• **PROBLEM REQUIREMENTS**
Write the data out again, character for character, with no images.

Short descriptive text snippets
-- Opening Marker --

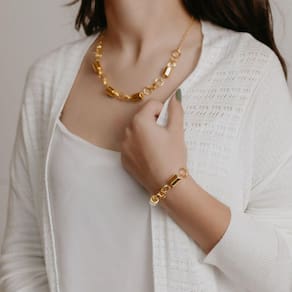 Conjunto pulseira e colar tubo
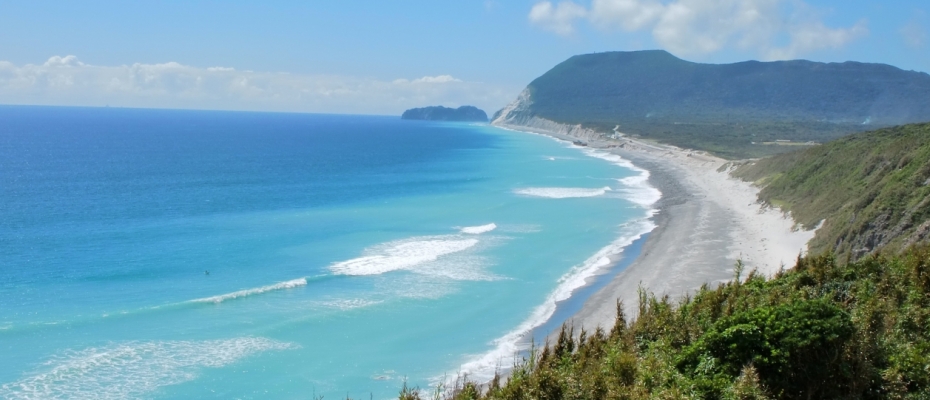 新島　羽伏浦海岸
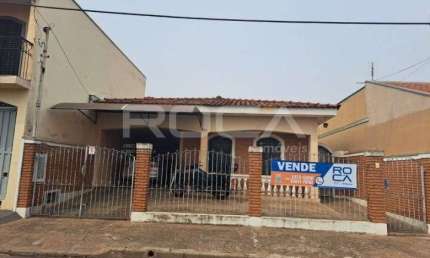 Casa Padrão à venda na Vila São José, São Carlos - 3 dormitórios e 3 vagas de garagem
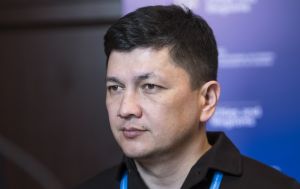 РФ вдарила КАБами по одному з районів Миколаєва: поранено чоловіка, зруйновані склади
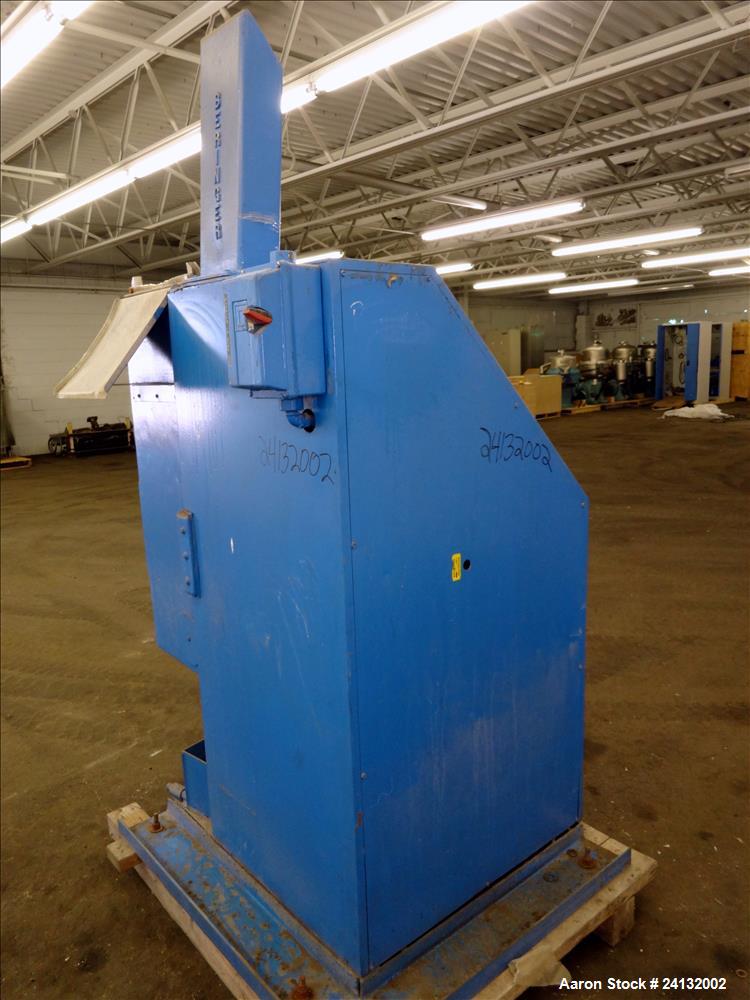 Used Beringer 12" Wide Air Wipe, Type WS-75. Includes New York blower model M16P5. Driven by a 5hp, 3/60/208-230/460 volt, 3450 rpm motor. Serial# 12D231.
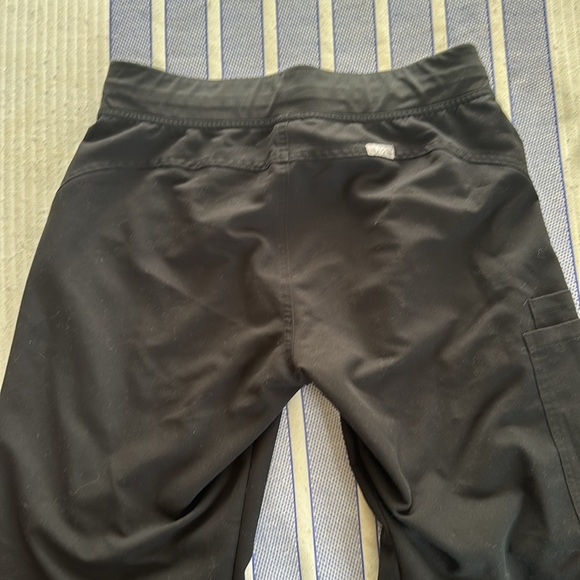 Yola Skinny Scrub Pants from fig - Picture 3 of 4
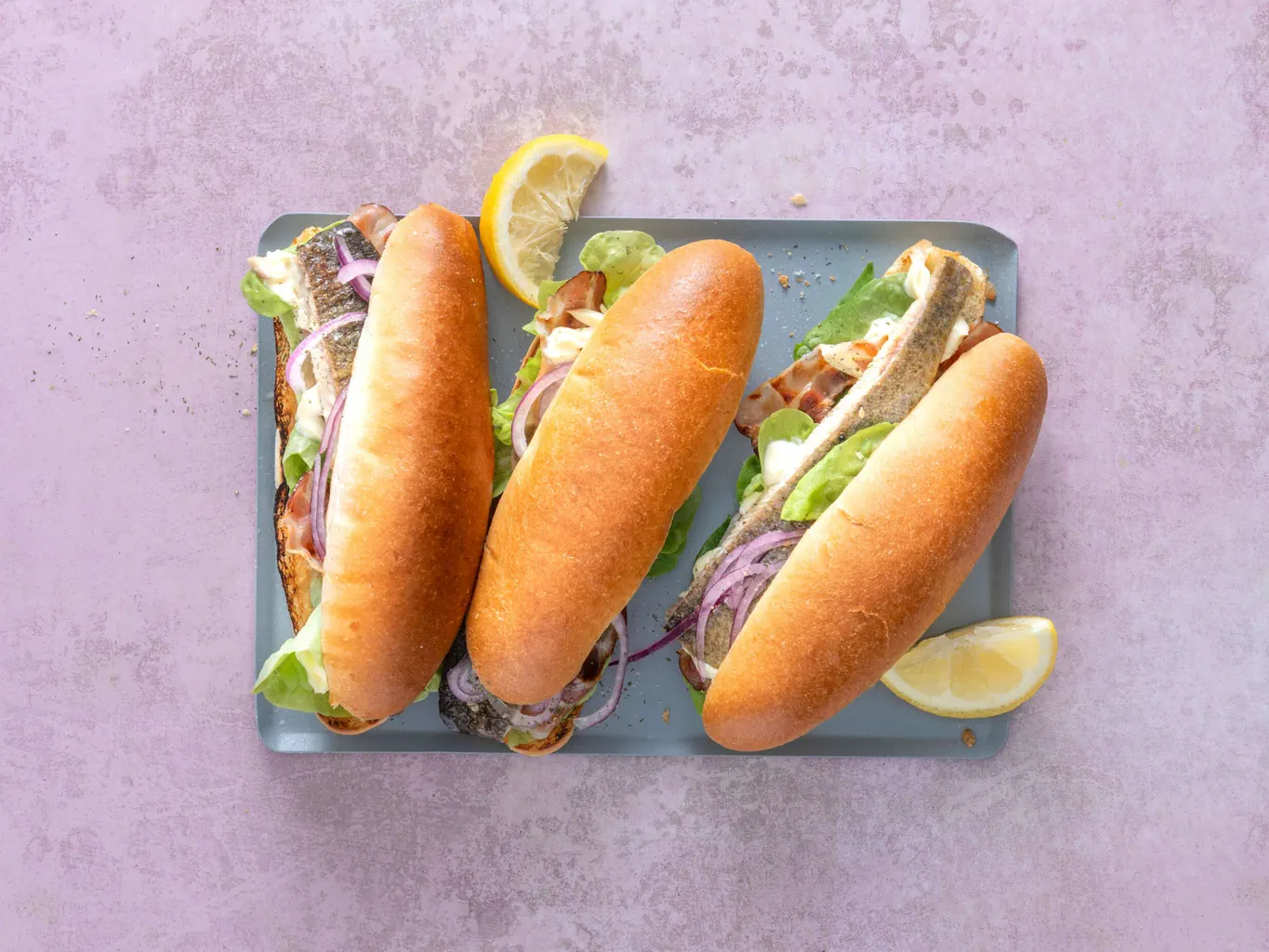 Sandwich al pesce e alla pancetta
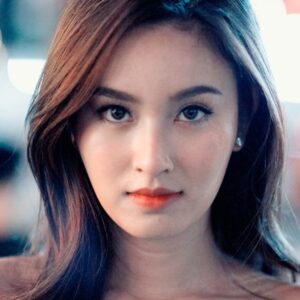 تصویر هنرمند Treechada Petcharat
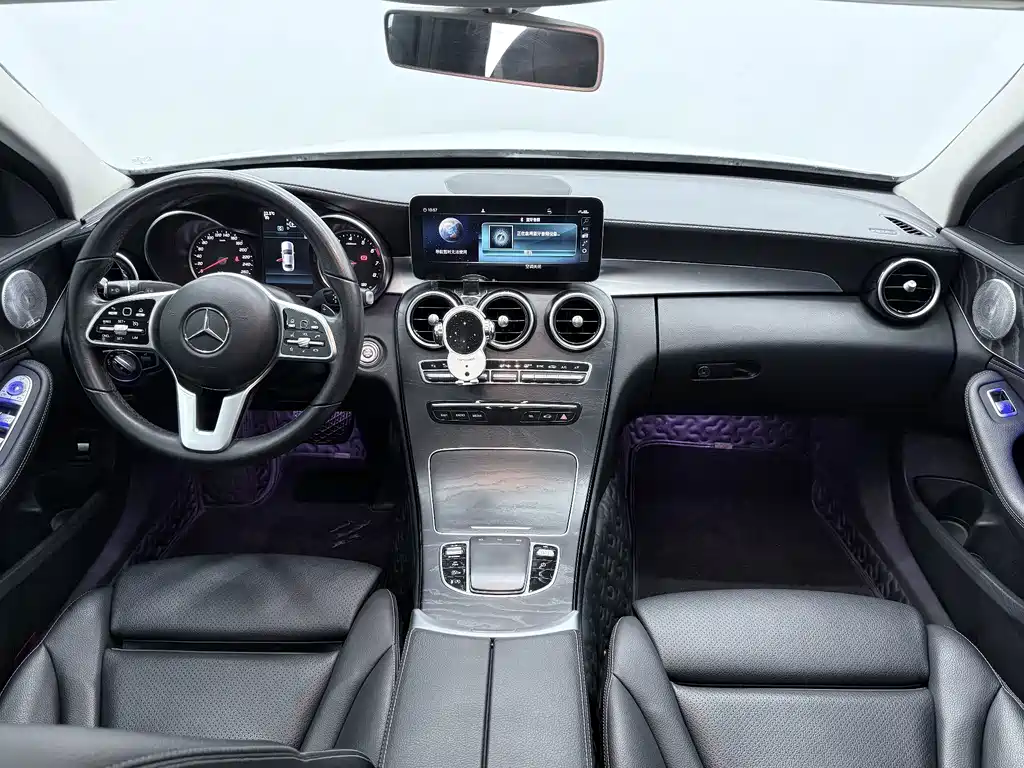 Mercedes-Benz C-Class 2019 — фото 6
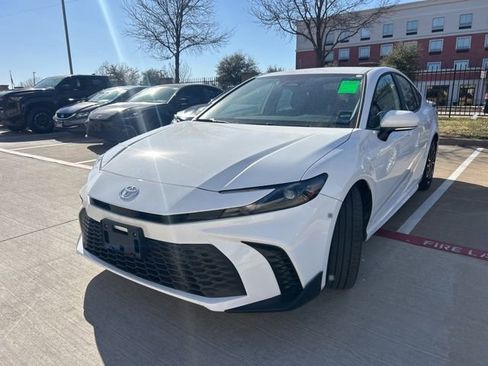 Used 2025 Toyota Camry SE image 8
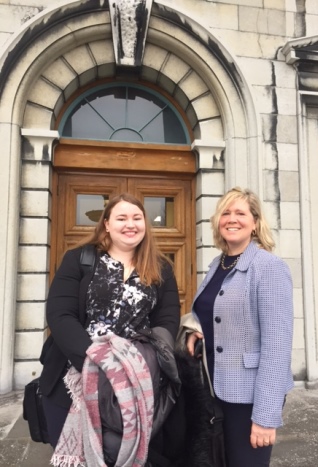 Taylor Burnie, Law’19, and Jennifer Ferguson, Law’94, outside the Frontenac County Courthouse in Kingston.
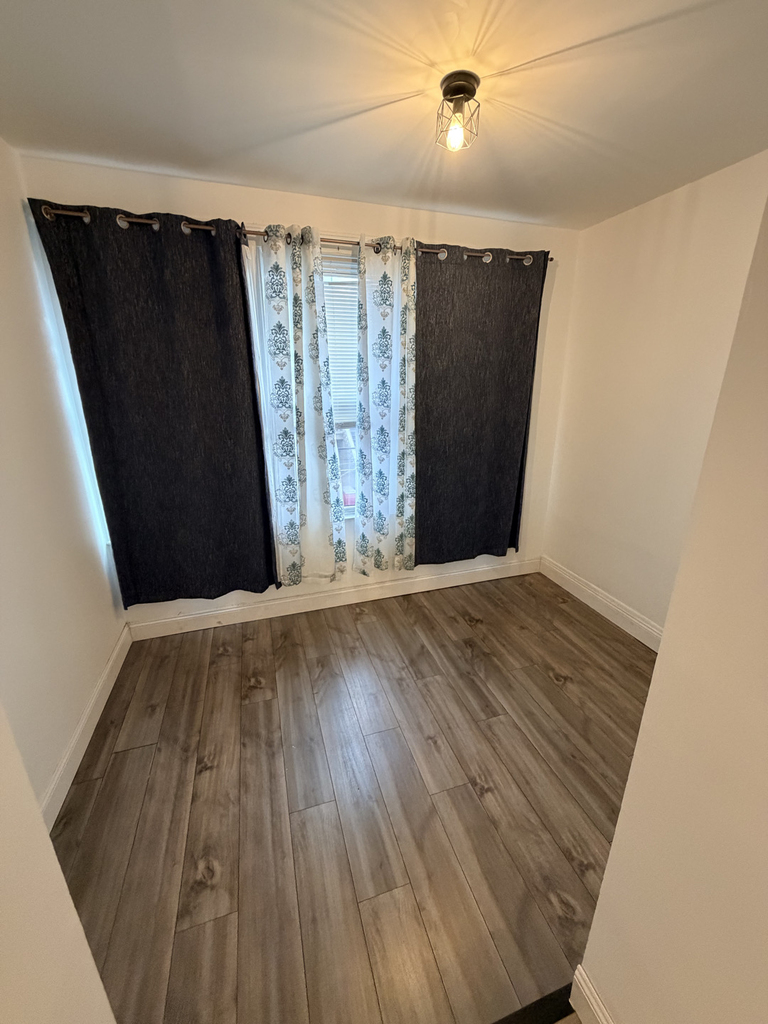 2571 West 16th Street - Photo 4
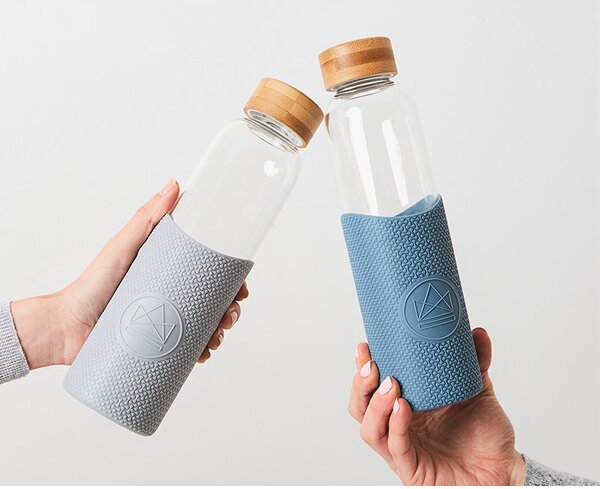 Skleněná láhev s rukávem, 550ml, Neon Kactus, modrá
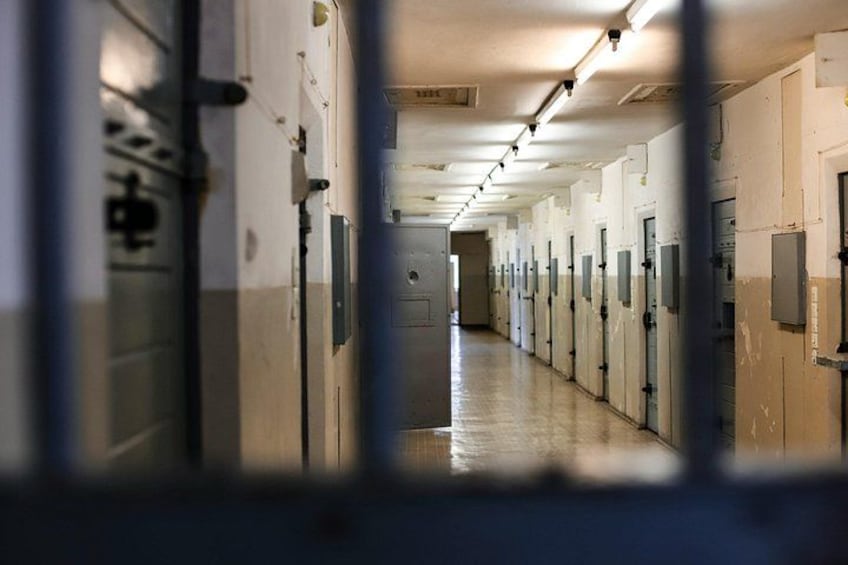 San Francisco Prison Cruise: Narrated San Quentin Passage 1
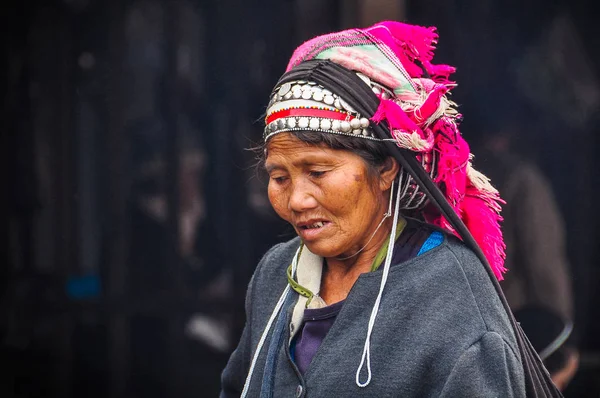 Mujer mayor en el mercado, Muang Sing, Laos —  Fotos de Stock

-- Closing Marker --

• **ANSWER**
 Conjunto pulseira e colar tubo
 新島　羽伏浦海岸
 Casa Padrão à venda na Vila São José, São Carlos - 3 dormitórios e 3 vagas de garagem
 РФ вдарила КАБами по одному з районів Миколаєва: поранено чоловіка, зруйновані склади
 Used Beringer 12" Wide Air Wipe, Type WS-75. Includes New York blower model M16P5. Driven by a 5hp, 3/60/208-230/460 volt, 3450 rpm motor. Serial# 12D231.
 Yola Skinny Scrub Pants from fig - Picture 3 of 4
 Sandwich al pesce e alla pancetta
 تصویر هنرمند Treechada Petcharat
 Mercedes-Benz C-Class 2019 — фото 6
 Used 2025 Toyota Camry SE image 8
 Taylor Burnie, Law’19, and Jennifer Ferguson, Law’94, outside the Frontenac County Courthouse in Kingston.
 2571 West 16th Street - Photo 4
 Skleněná láhev s rukávem, 550ml, Neon Kactus, modrá
 San Francisco Prison Cruise: Narrated San Quentin Passage 1
 Mujer mayor en el mercado, Muang Sing, Laos —  Fotos de Stock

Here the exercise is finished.